[Task description]: Word for word, restate the entries below from their first line through the line that contains "a diagram of a shoe".
== Given information ==
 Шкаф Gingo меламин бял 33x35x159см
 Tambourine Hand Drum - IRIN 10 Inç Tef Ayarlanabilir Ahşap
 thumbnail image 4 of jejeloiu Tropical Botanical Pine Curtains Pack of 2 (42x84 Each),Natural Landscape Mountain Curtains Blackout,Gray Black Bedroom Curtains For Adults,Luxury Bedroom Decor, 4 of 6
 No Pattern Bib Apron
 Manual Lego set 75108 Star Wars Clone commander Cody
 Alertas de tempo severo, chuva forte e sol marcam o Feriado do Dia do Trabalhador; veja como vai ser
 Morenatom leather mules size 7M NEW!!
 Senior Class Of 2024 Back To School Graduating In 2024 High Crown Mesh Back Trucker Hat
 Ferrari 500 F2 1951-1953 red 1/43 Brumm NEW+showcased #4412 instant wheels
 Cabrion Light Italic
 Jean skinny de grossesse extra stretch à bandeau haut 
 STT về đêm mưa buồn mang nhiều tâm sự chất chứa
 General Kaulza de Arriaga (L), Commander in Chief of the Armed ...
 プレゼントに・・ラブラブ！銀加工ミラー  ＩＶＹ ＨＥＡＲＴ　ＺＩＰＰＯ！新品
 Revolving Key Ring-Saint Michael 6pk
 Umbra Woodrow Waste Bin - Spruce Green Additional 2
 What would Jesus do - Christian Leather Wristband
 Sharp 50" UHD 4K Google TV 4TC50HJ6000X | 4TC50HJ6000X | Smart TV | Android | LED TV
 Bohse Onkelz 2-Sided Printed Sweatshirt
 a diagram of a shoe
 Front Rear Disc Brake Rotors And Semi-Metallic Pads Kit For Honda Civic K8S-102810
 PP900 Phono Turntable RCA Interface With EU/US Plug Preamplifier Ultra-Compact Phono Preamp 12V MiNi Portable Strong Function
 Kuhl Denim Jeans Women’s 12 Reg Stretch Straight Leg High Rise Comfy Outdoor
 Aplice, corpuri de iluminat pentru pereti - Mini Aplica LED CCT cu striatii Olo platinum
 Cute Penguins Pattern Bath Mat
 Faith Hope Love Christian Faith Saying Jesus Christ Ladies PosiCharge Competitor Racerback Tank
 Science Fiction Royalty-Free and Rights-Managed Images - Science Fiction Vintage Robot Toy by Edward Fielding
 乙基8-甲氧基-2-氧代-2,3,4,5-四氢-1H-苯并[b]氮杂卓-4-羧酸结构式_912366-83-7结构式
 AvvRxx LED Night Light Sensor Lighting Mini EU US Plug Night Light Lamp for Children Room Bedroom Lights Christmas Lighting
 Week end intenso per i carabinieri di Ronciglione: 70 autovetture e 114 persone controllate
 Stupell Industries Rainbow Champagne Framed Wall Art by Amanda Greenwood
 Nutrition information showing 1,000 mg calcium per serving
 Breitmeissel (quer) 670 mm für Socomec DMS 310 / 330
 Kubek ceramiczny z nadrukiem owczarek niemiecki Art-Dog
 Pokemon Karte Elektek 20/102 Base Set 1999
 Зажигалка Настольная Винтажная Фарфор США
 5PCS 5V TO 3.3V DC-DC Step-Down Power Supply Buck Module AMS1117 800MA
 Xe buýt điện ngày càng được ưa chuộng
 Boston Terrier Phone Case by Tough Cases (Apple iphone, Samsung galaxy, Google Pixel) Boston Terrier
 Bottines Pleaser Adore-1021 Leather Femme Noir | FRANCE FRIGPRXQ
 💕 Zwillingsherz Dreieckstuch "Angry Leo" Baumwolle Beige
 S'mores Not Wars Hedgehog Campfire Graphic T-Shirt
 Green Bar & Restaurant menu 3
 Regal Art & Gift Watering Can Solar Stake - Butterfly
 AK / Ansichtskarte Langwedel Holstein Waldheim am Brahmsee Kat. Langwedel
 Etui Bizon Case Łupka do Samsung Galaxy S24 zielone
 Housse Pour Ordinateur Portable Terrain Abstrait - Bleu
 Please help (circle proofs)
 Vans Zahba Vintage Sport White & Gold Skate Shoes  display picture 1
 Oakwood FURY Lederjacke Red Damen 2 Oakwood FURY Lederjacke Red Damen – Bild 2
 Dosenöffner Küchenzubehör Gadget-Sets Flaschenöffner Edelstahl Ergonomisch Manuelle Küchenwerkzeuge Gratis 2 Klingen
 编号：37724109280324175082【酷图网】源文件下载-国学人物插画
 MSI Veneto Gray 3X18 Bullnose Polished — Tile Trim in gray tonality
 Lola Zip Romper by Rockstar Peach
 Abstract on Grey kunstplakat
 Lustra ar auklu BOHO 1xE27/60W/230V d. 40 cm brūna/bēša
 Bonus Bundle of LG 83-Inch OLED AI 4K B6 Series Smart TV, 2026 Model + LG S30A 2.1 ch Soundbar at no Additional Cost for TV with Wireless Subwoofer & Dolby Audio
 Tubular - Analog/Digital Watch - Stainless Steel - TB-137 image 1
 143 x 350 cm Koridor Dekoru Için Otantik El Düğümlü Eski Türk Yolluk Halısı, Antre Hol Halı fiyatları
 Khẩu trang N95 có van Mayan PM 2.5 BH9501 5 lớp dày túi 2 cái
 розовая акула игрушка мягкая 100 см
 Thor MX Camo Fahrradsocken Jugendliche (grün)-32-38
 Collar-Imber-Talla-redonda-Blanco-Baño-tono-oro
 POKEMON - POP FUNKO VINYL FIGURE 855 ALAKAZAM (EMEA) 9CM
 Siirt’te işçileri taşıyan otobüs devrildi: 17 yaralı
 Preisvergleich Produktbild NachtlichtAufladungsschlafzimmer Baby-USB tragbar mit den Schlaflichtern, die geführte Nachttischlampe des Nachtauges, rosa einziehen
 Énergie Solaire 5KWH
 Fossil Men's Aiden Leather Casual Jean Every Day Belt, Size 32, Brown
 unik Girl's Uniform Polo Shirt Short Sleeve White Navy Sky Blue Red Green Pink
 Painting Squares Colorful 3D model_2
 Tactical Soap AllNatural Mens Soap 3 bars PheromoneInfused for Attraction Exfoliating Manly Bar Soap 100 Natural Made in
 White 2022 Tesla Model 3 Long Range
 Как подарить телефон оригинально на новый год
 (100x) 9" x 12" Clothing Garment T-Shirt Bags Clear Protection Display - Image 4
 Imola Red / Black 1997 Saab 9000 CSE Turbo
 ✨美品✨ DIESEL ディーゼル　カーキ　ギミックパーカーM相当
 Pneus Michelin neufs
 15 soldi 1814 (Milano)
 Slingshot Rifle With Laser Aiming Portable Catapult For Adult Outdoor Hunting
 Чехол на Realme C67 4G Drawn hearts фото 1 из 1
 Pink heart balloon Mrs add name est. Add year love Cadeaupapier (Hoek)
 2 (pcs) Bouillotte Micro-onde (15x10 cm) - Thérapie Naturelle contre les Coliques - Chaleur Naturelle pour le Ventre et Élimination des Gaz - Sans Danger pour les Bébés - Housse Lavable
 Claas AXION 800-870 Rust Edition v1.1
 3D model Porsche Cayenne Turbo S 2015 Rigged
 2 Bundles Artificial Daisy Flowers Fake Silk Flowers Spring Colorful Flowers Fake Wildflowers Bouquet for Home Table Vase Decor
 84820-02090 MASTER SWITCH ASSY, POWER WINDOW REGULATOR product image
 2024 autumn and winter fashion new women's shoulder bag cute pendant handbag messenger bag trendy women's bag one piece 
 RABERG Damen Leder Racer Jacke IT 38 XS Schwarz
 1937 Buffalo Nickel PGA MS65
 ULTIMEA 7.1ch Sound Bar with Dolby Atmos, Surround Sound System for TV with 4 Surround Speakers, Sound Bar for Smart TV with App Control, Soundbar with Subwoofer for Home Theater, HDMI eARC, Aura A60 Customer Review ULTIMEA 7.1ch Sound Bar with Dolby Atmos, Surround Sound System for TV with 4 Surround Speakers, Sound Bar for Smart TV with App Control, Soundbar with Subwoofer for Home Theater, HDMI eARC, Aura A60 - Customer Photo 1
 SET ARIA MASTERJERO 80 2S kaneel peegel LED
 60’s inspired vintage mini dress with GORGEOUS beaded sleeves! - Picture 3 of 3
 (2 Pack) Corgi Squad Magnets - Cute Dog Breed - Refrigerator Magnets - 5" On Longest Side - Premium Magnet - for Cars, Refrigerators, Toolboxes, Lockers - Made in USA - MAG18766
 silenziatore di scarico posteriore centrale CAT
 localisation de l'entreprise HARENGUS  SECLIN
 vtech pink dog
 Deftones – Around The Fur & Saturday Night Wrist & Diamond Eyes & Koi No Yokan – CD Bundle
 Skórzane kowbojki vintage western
===
[Your solution]:
 Шкаф Gingo меламин бял 33x35x159см
 Tambourine Hand Drum - IRIN 10 Inç Tef Ayarlanabilir Ahşap
 thumbnail image 4 of jejeloiu Tropical Botanical Pine Curtains Pack of 2 (42x84 Each),Natural Landscape Mountain Curtains Blackout,Gray Black Bedroom Curtains For Adults,Luxury Bedroom Decor, 4 of 6
 No Pattern Bib Apron
 Manual Lego set 75108 Star Wars Clone commander Cody
 Alertas de tempo severo, chuva forte e sol marcam o Feriado do Dia do Trabalhador; veja como vai ser
 Morenatom leather mules size 7M NEW!!
 Senior Class Of 2024 Back To School Graduating In 2024 High Crown Mesh Back Trucker Hat
 Ferrari 500 F2 1951-1953 red 1/43 Brumm NEW+showcased #4412 instant wheels
 Cabrion Light Italic
 Jean skinny de grossesse extra stretch à bandeau haut 
 STT về đêm mưa buồn mang nhiều tâm sự chất chứa
 General Kaulza de Arriaga (L), Commander in Chief of the Armed ...
 プレゼントに・・ラブラブ！銀加工ミラー  ＩＶＹ ＨＥＡＲＴ　ＺＩＰＰＯ！新品
 Revolving Key Ring-Saint Michael 6pk
 Umbra Woodrow Waste Bin - Spruce Green Additional 2
 What would Jesus do - Christian Leather Wristband
 Sharp 50" UHD 4K Google TV 4TC50HJ6000X | 4TC50HJ6000X | Smart TV | Android | LED TV
 Bohse Onkelz 2-Sided Printed Sweatshirt
 a diagram of a shoe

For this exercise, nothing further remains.